= Narifuri =

narifuri is a Japanese fashion brand based in Tokyo. Its main concept is "fashion + bicycle," and the product lineup includes a variety of clothes from casual wear and cycling jerseys to formal suits, as well as accessories such as bags, wallets, and belts.

The name narifuri is taken directly from the Japanese term narifuri (Kanji: "形振り"), an expression related to showing how one dresses and/or behaves. In keeping with the bicycle motif in the brand's design, narifuri's logo is a black knock-out of a bicycle pedal.

==Summary==
narifuri (stylized with a lowercase "n") was founded by Kazumasa Kobayashi in 2007 with the concept of "fashion + bicycle" in mind. Its clothing is designed to be comfortable to wear while cycling, although the biking-compatible functionality of the products has not been excessively promoted so as to attract non-cycling consumers. This dual appeal is reflected by the fact that nearly half of narifuri's suit buyers are not bike riders. narifuri's products include casual wear, cycling jerseys, and formal suits as well as accessories like bags, wallets, and belts. Some of the brand's main items are jackets, pants, and bags.

narifuri's products are sold in bike shops, fashion stores, and department stores. Sometimes exhibitions are open for the public as event-style shows. One example is the invitation of interior stylist Mitsuko Kuroda for an exhibition at Daikanyama T-Site (Tokyo). narifuri regularly collaborates with brands in a variety of other industries.

===Establishment and ownership history===
Founder Kazumasa Kobayashi ran narifuri Inc. as CEO from its establishment in 2007 until Hit Union Inc. acquired all of the stock on August 1, 2016, making narifuri a wholly owned subsidiary. Kazumasa left the company at the end of July 2016 and Keiji Tanabe took over the position as the new CEO of narifuri.

==Attributes==

===Attributes as a brand===
narifuri rarely makes big changes to its standard design, instead introducing their regular assortments in each category by updating the functions and design every season. Some of its products have remained almost the same since the brand was established.

The fabric used in many of the products was originally developed to add bicycle-related functionality such as quick-drying, stretch, breathability, and durability to the designs.

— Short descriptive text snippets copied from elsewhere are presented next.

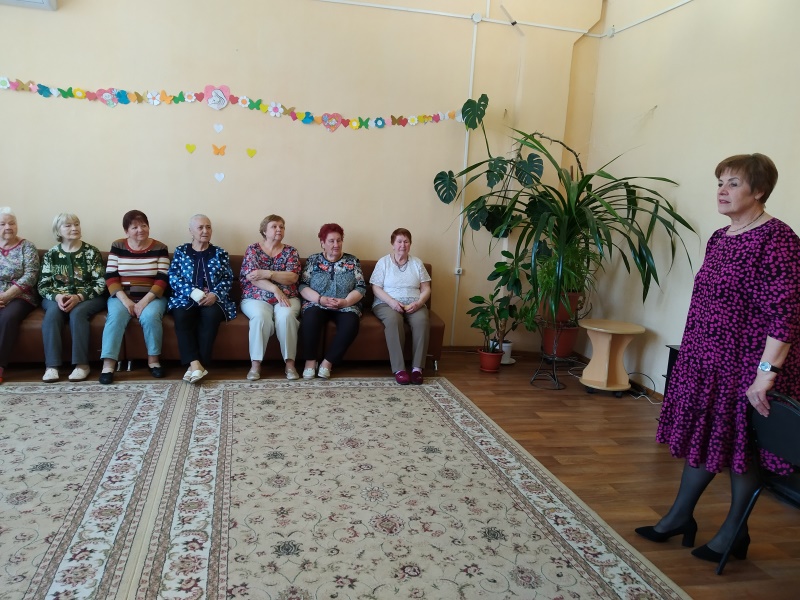 Выступление квартета «КаприZ»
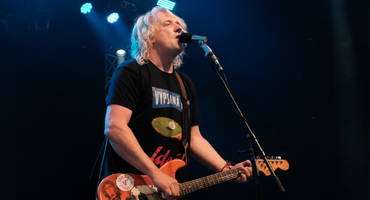 Náhledový obrázek k článku GLOSA: Bezkonkurenčně nejlepší koncert na Rock for People. Na začátek Ideál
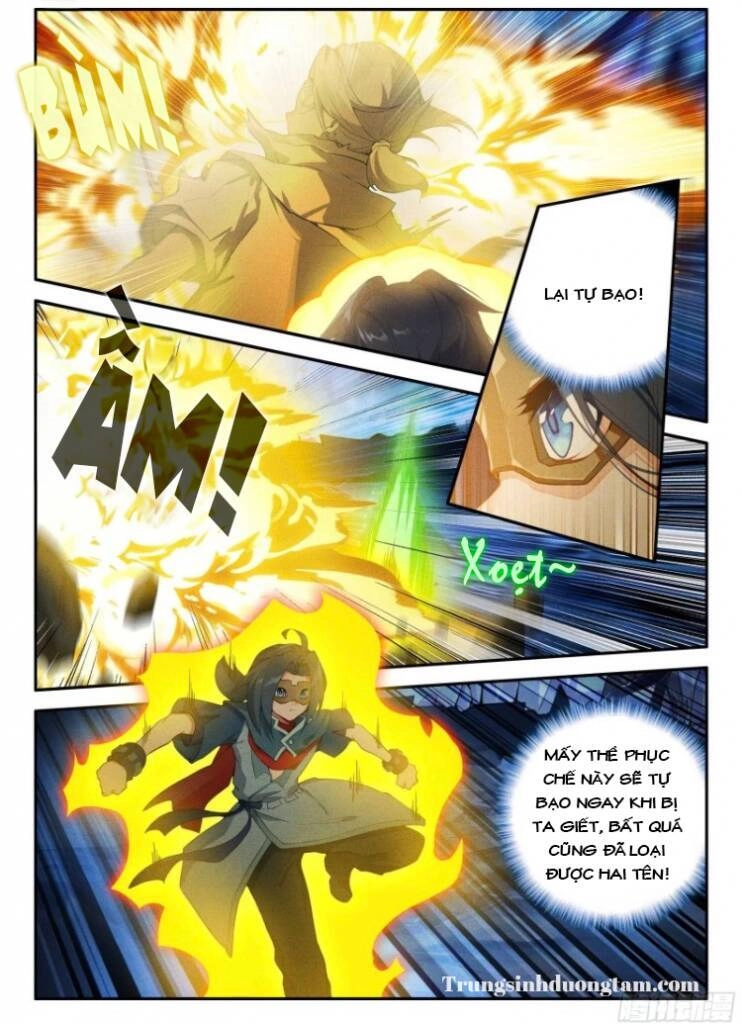 Đấu La Đại Lục 5 Chapter 145 - 5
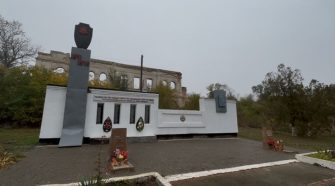 Памятники героям Великой Отечественной войны в Индустриальном сельском поселении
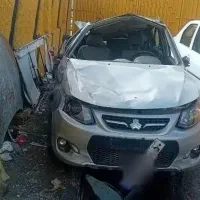 کوییک آر تصادفی 1401|خودرو سواری و وانت|قم, براسون|دیوار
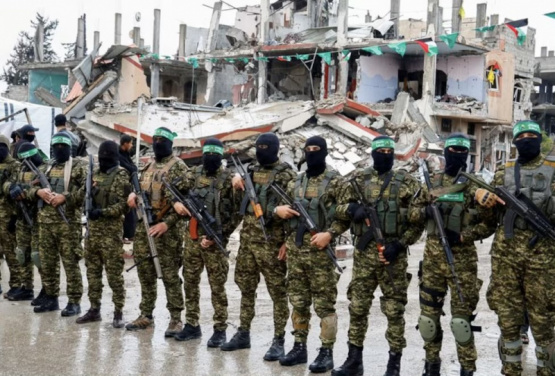Hamas aceptó negociar “inmediatamente” las propuestas de EEUU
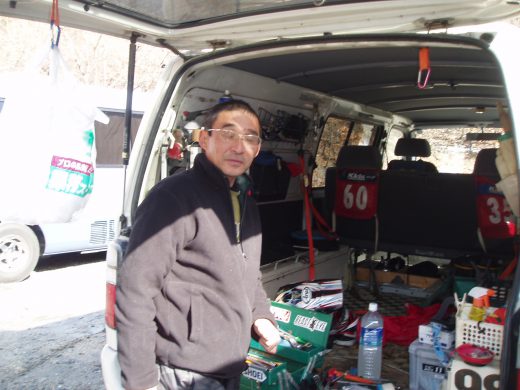 オートパーク　クワ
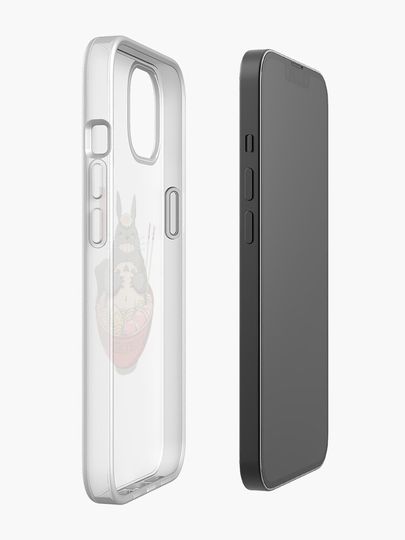 my cute nighbor totoro iPhone Case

===Attributes in products===
Aside from bike-friendly clothing, bags are one of narifuri's main products. Many of its bag designs include buckles that have the same pedal shape as the brand's icon.

==Direct Management Stores==
- narifuri EBISU - 2011, Flagship store, Ebisu, Tokyo in 2011.
- charifuri - 2012, Bikeshop, Ebisu, Tokyo.
- narifuri NYC - 2015, retail store, New York, USA.
- narifuri tokyo - 2017, Flagship store and charifuri (bicycle shop) moves to Sendagaya, Tokyo.
- narifuri kyoto - 2018, retail store, Shijō Kawaramachi, Kyoto.

===Limited retail stores ("pop-up stores")===
Pop-up stores, or limited retail stores, are often set up at department stores, bike shops, boutiques, and airports.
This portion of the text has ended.